In the early 1990s, Xu Chaofan was the manager at Kaiping until he was promoted to the bank's provincial headquarters in Guangzhou. His successors in Kaiping were Yu Zhendong and then Xu Guojun, who was the sub-branch manager in October. The three were apparently well prepared in case they were uncovered because their families had already been sent abroad using false passports, according to Hong Kong government officials. Finally on October 15, the three fled to Hong Kong also using fake travel documents, and on to Canada, where they are believed to remain on the run. All that was left was a gaping hole in Bank of China's books.
On December 26, Bank of China took out a half-page legal advertisement in Canada's National Post newspaper serving notice on the three fugitives as part of legal moves to freeze their assets.
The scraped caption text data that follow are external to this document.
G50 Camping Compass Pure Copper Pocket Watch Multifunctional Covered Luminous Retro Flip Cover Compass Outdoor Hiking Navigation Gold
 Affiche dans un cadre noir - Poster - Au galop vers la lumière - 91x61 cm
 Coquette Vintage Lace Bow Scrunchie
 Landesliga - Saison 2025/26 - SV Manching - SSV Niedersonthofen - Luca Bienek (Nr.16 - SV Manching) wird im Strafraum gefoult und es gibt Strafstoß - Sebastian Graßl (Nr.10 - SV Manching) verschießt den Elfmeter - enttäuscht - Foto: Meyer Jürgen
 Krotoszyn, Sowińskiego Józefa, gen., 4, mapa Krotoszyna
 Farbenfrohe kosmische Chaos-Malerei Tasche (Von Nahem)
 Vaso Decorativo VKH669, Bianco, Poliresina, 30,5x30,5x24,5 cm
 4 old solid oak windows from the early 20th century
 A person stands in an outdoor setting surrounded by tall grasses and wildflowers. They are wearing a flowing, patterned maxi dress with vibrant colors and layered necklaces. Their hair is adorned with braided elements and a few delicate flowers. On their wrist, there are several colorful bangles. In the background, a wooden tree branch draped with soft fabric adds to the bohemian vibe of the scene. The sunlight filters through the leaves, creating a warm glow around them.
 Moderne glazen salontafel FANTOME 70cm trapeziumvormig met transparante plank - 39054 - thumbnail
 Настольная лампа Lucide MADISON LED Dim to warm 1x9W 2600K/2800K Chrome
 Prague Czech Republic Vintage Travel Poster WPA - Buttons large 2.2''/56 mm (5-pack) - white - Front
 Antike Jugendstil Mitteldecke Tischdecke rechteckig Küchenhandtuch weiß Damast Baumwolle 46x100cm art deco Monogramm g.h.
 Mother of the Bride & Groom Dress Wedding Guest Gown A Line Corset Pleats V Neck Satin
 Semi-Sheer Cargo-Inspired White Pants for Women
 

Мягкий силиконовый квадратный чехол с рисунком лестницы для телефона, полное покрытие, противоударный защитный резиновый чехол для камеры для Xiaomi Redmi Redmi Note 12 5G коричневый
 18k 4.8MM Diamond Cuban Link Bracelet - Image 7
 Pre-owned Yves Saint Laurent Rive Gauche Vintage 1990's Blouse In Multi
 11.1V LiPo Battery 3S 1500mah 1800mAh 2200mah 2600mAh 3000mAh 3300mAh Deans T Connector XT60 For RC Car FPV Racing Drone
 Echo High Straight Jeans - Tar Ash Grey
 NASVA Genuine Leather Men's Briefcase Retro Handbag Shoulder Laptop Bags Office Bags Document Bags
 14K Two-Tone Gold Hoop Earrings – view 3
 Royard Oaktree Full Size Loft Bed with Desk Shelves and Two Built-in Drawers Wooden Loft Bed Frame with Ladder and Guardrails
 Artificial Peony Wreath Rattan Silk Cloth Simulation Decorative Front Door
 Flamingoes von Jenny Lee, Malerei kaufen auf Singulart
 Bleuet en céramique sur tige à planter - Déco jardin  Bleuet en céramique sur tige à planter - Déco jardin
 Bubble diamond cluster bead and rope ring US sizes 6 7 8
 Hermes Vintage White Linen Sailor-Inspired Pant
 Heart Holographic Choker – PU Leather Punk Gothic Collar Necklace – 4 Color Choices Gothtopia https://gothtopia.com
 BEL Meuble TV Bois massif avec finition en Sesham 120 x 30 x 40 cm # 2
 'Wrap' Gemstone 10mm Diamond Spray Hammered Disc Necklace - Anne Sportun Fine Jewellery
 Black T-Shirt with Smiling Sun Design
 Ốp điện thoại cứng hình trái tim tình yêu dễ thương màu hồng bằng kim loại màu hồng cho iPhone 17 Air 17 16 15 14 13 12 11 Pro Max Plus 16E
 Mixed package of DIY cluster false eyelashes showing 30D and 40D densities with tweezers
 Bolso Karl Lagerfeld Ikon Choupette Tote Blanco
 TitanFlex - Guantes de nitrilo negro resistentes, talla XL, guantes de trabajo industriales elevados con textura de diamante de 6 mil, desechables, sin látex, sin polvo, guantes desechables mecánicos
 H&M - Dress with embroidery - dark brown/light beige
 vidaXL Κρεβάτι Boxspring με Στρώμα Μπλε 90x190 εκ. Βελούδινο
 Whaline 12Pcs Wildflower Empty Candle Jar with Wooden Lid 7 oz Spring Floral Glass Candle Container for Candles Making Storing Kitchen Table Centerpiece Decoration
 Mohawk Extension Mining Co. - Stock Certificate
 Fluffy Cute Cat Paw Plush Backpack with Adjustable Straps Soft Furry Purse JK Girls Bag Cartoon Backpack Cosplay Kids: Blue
The notice, however, didn't hint at any scandal.
It wasn't until March 15 that Bank of China President Liu Mingkang publicly revealed that at least $483 million had been stolen from the bank through Kaiping. "The investigation is still going on. The final loss could be higher," he told a group of journalists. He said authorities saw the theft as the work of five main suspects, including the three former Kaiping sub-branch managers. At the same time, however, he affirmed his determination to float the Hong Kong unit globally.
Mainland and Hong Kong police now working on a major probe into the affair say that the three managers and their associates are suspected of siphoning off up to 6 billion renminbi, far higher than earlier bank estimates, and laundering a sizeable amount of this through Hong Kong and Macau.
"They were doing this for nine or 10 years," says an investigator working on the case who asked not to be identified. "These guys were massive high rollers. They were gambling and travelling overseas with their families. Casino limousines would meet them at airports."
The theft and other scandals at the Bank of China, including the continuing investigation into former President Wang Xuebing over corruption and irregularities at the bank's New York branch, highlight systemic problems with the way the bank was run. Bank of China head Liu is betting that potential investors in Bank of China (Hong Kong)'s IPO will take heart from the vigorous investigation of the Kaiping scandal and will see the bank is serious about putting its house in order.
In fact, partly in preparation for the listing, Bank of China in the last two years has worked to separate its Hong Kong unit from the rest of the bank, putting in its own board and independent directors and making it subject to Hong Kong's stricter regulators. No allegations have been made that the Bank of China (Hong Kong) was involved in the Kaiping affair. But as the scandals and details come to light, the risk is that potential investors will conclude that problems with the group are too daunting to justify putting money into even a part of it.
Beijing hopes that the funding, discipline and expertise that offshore public listings will bring to domestic banks will put them in better shape to compete with a full invasion of foreign banks expected within a decade under the terms of China's entry to the World Trade Organization in December. The Bank of China (Hong Kong) was supposed to be the first of a series of state-owned firms to list.
But the plan to float the Hong Kong arm in a $4 billion-$5 billion initial public offer in Hong Kong and New York was scaled back and delayed because of the string of graft scandals that became public this year. Banking analysts now say the New York listing has been put on hold until next year. A limited float in Hong Kong scheduled for the third quarter is now expected to raise about $2 billion.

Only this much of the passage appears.